Please repeat, precisely as written, only the lines from the one containing "Bumblesnotハロウィンカード: あなたの綴り カード (正面)" through the last line of the records below, pictures omitted.

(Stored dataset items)
—————

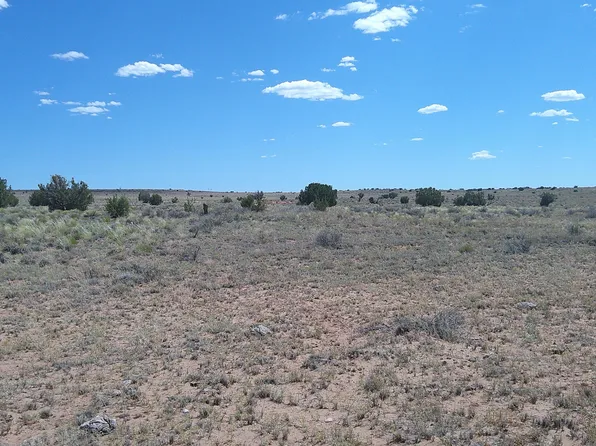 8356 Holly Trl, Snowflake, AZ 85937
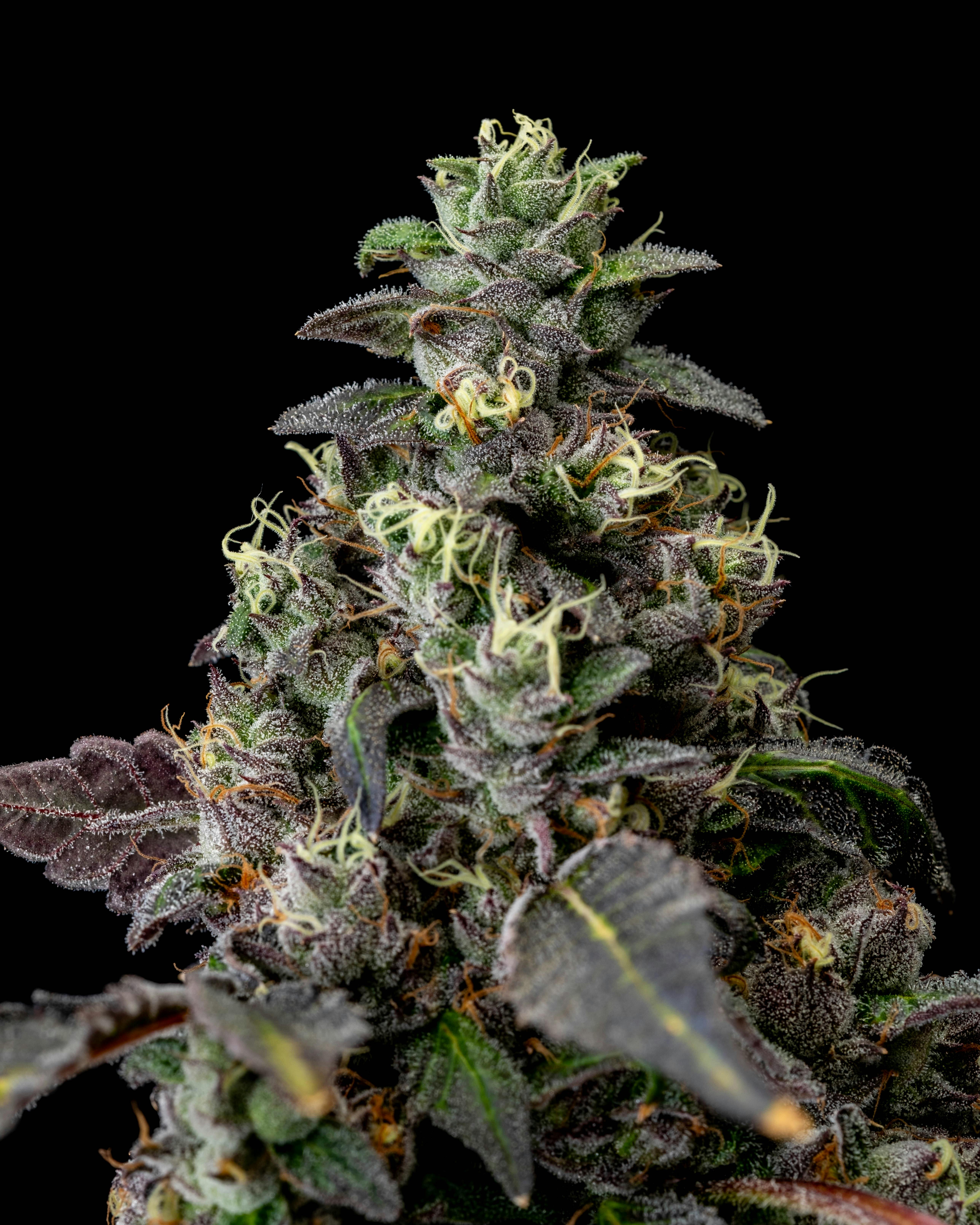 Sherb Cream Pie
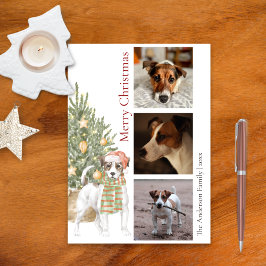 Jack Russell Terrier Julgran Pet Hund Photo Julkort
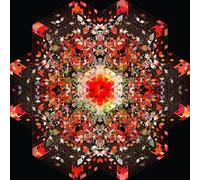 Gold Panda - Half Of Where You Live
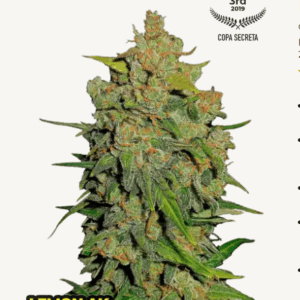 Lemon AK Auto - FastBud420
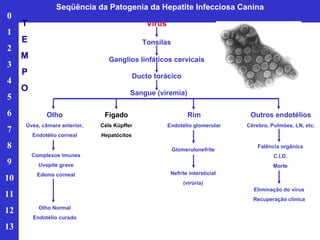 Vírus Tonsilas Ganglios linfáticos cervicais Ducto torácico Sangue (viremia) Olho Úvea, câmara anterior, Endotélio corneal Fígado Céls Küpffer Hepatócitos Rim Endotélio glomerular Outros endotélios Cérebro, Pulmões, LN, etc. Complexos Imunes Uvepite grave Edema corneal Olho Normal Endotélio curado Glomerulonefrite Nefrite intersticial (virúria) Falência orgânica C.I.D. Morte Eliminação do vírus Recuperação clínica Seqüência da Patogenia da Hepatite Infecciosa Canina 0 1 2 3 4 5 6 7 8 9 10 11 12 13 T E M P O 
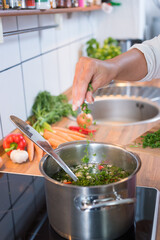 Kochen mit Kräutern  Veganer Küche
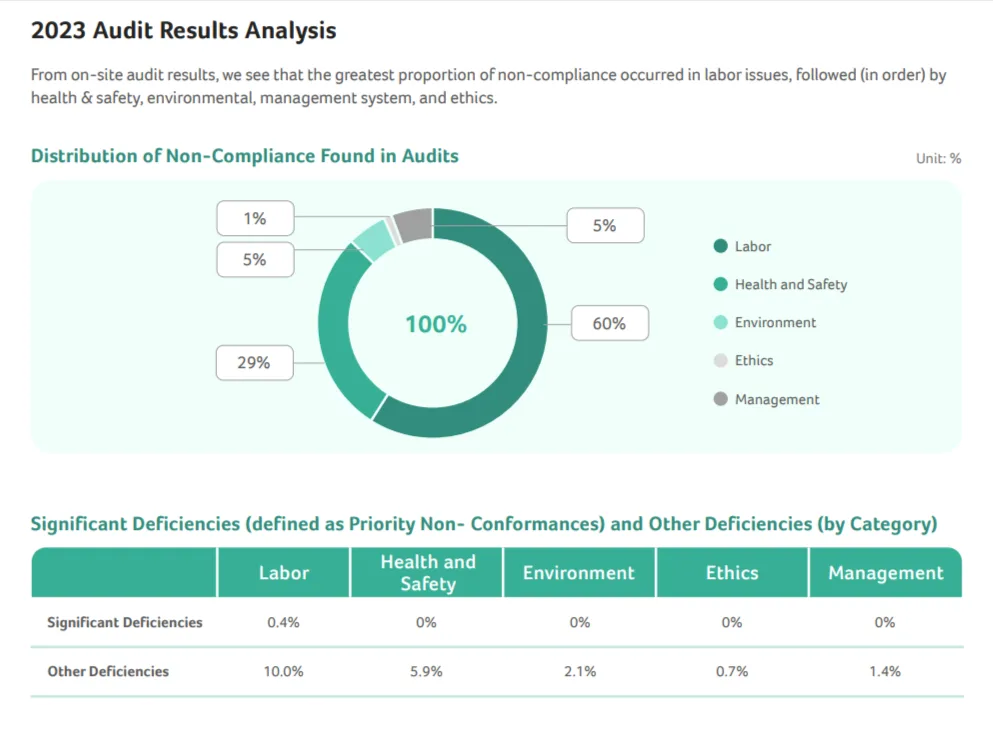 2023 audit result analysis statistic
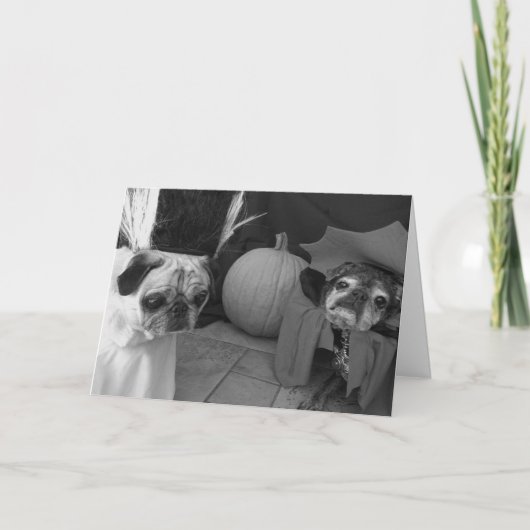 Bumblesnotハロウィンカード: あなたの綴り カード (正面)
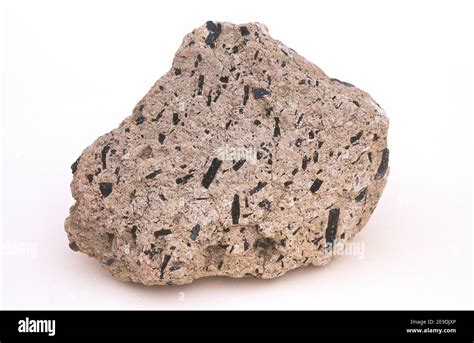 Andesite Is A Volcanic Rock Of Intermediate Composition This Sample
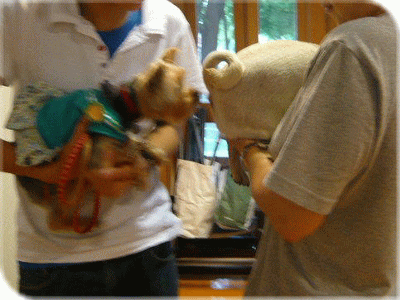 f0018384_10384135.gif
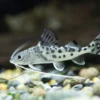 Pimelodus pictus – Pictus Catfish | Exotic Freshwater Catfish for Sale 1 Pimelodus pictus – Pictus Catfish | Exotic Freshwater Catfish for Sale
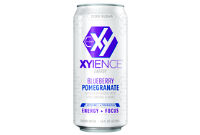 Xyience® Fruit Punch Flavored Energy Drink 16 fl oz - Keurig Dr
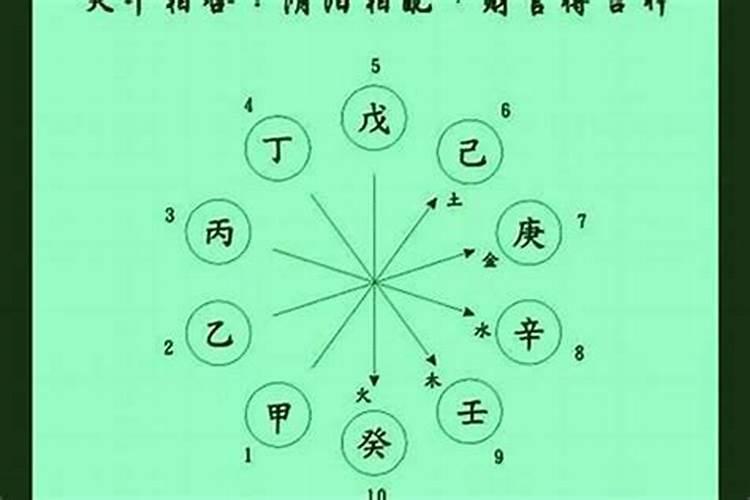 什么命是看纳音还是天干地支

—————

● **SOLVED PROBLEM**
 Bumblesnotハロウィンカード: あなたの綴り カード (正面)
 Andesite Is A Volcanic Rock Of Intermediate Composition This Sample
 f0018384_10384135.gif
 Pimelodus pictus – Pictus Catfish | Exotic Freshwater Catfish for Sale 1 Pimelodus pictus – Pictus Catfish | Exotic Freshwater Catfish for Sale
 Xyience® Fruit Punch Flavored Energy Drink 16 fl oz - Keurig Dr
 什么命是看纳音还是天干地支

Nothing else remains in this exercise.